THE PROBLEM.
Return each entry below exactly. Skip the images.

MATERIAL TO PROCESS.
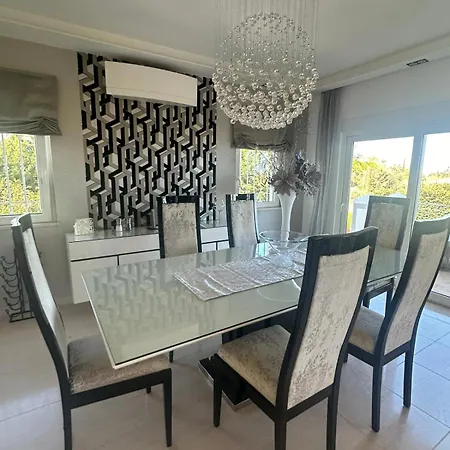 Villa 3 Bedroom With A Sea View Completely Private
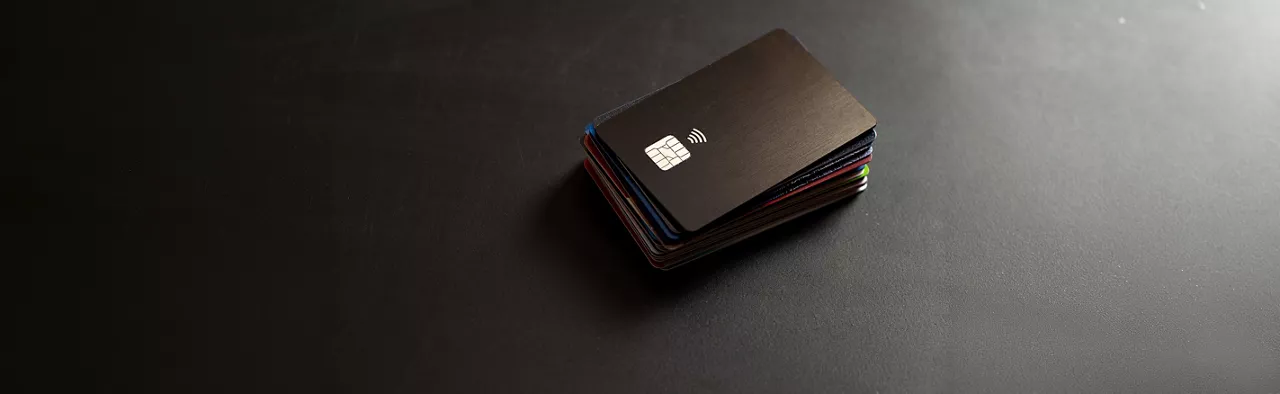 AU CA Metal Credit Card vs Regular Cards: A Smarter Choice for CAs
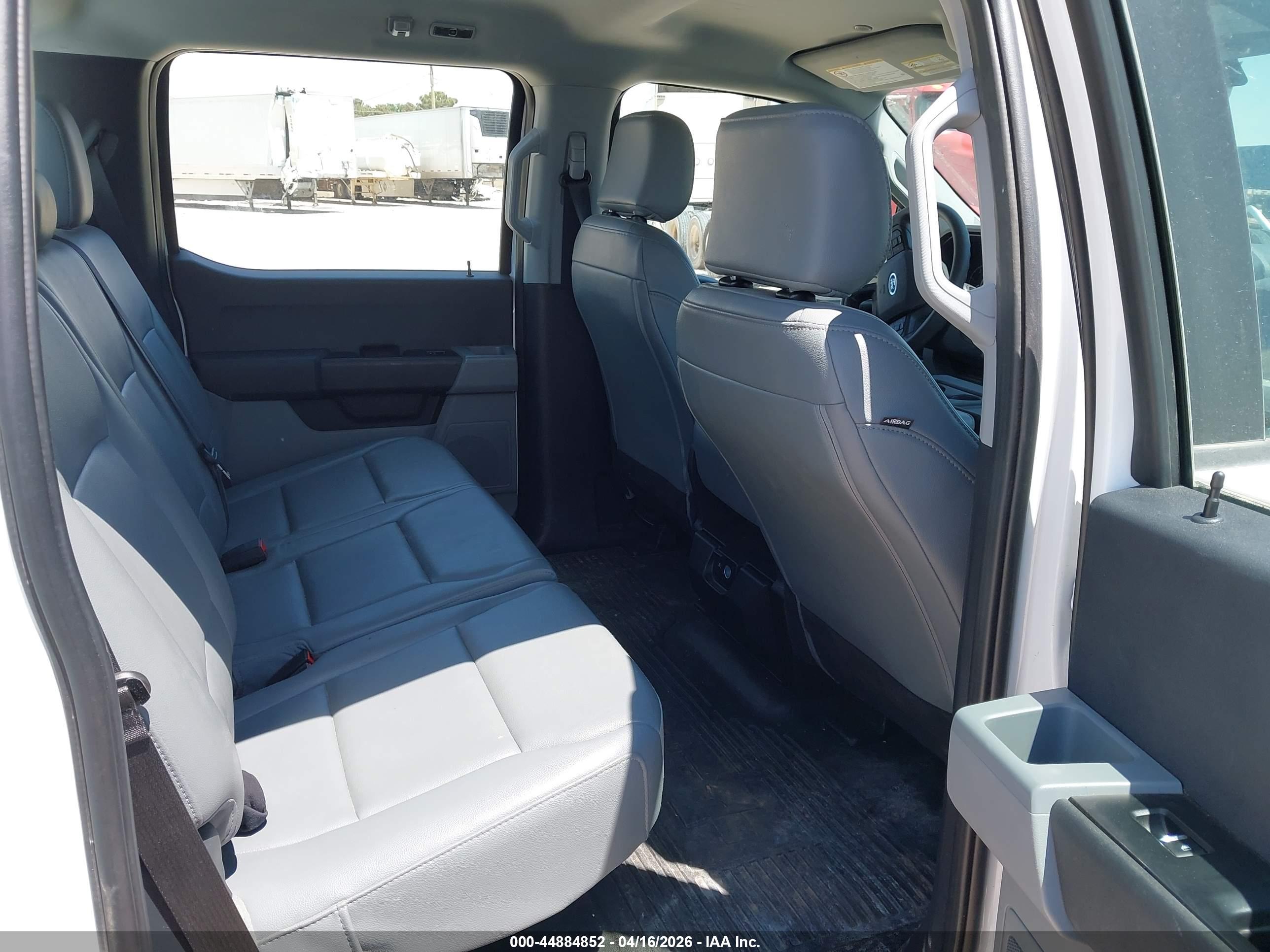 FORD F-250 image 8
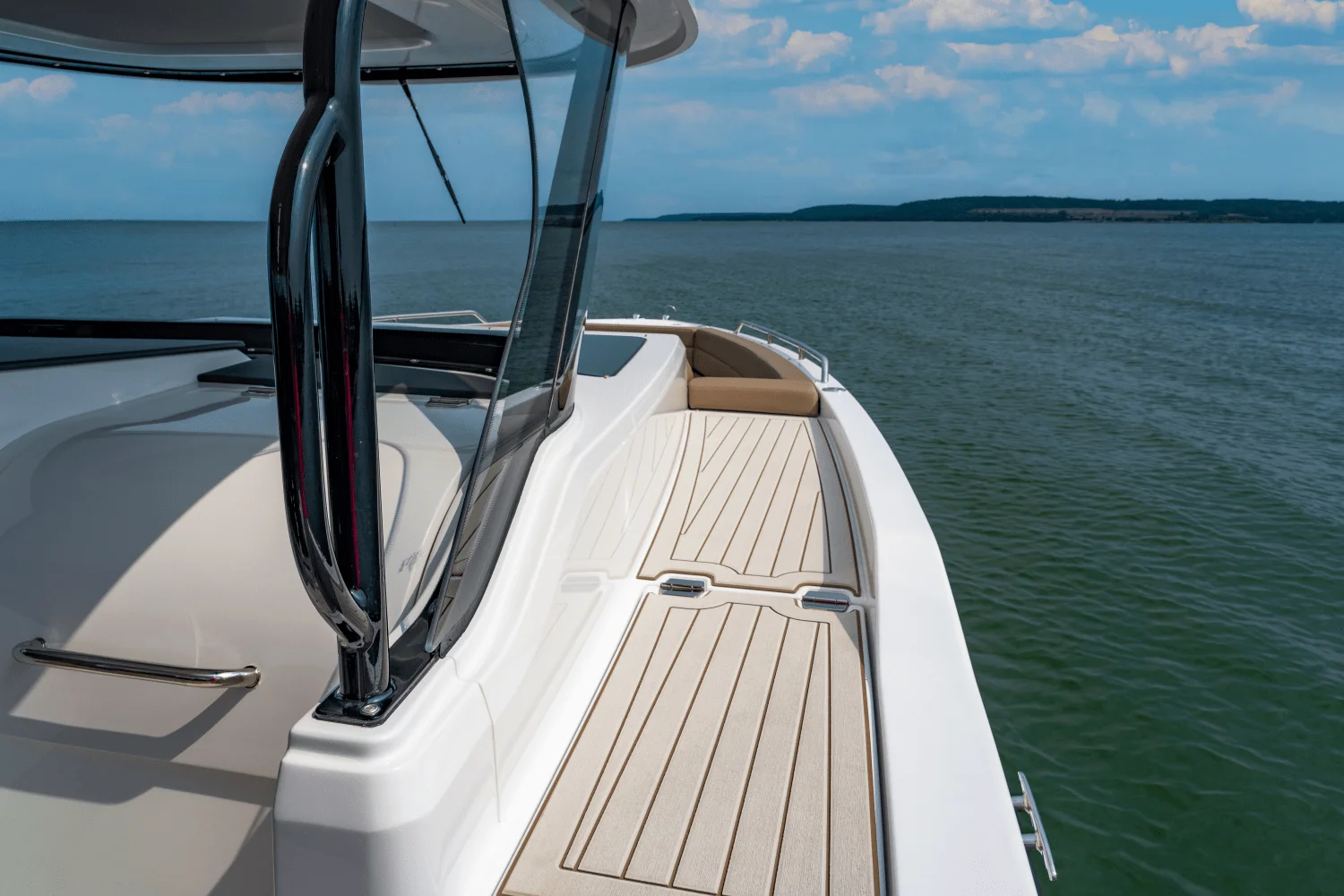 2026 Cruisers Yachts 38 VTR Image Thumbnail #25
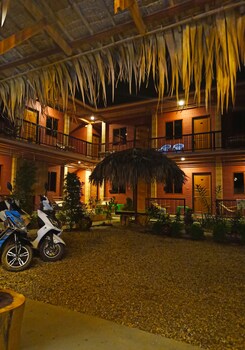 shwe wun yan motel
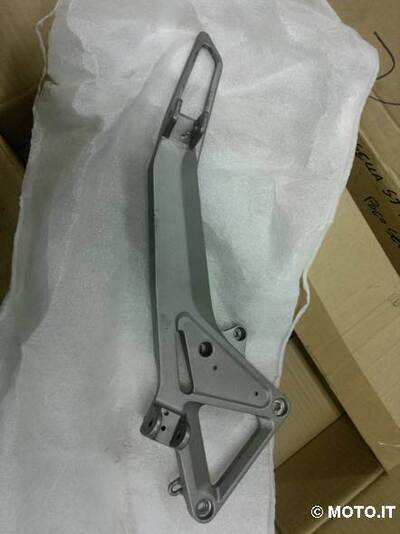 staffa pedana dx honda hornet 600 '98 cb600 f hornet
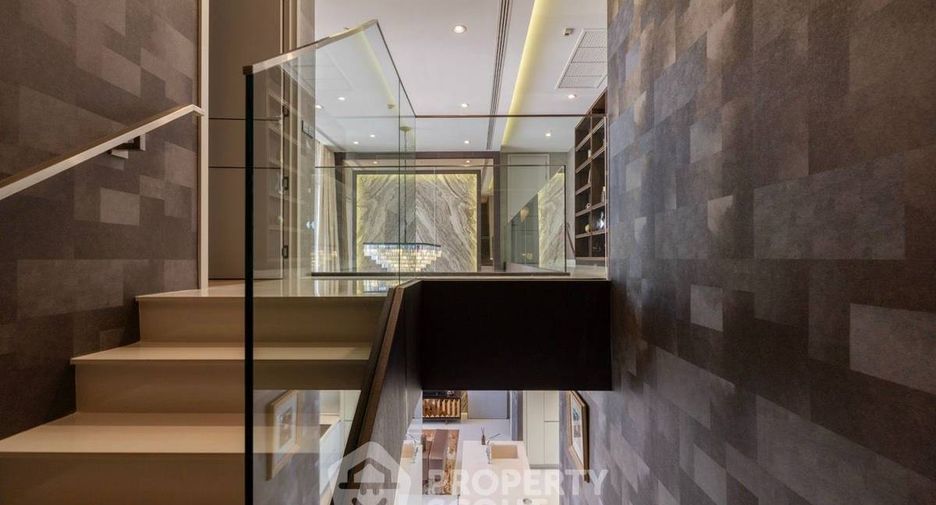 For rent 2 ベッドルーム condo in Khlong Toei, Bangkok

ANSWER BELOW.
 Villa 3 Bedroom With A Sea View Completely Private
 AU CA Metal Credit Card vs Regular Cards: A Smarter Choice for CAs
 FORD F-250 image 8
 2026 Cruisers Yachts 38 VTR Image Thumbnail #25
 shwe wun yan motel
 staffa pedana dx honda hornet 600 '98 cb600 f hornet
 For rent 2 ベッドルーム condo in Khlong Toei, Bangkok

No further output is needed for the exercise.